## Data below:
****************************************

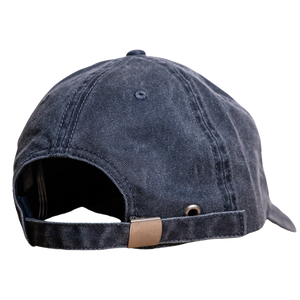 DENIM CAP ADRIATICO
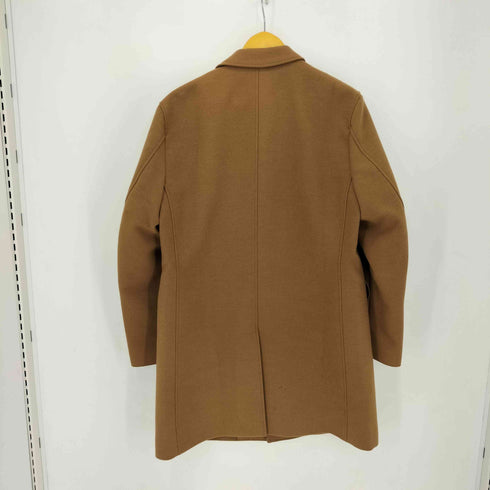 ビームス BEAMS フリース チェスター コート メンズ JPN:M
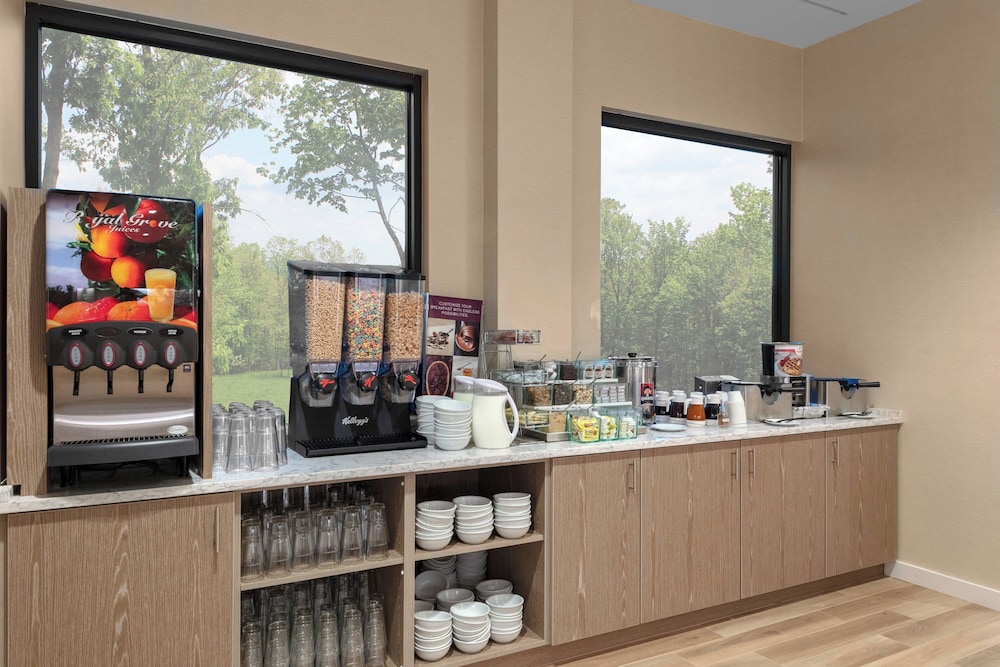 Residence Inn by Marriott Virginia Beach Town Center - photo 23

****************************************

## Description of the task:
Copy the data above word for word. Pictures stay out.

## Task response:
 DENIM CAP ADRIATICO
 ビームス BEAMS フリース チェスター コート メンズ JPN:M
 Residence Inn by Marriott Virginia Beach Town Center - photo 23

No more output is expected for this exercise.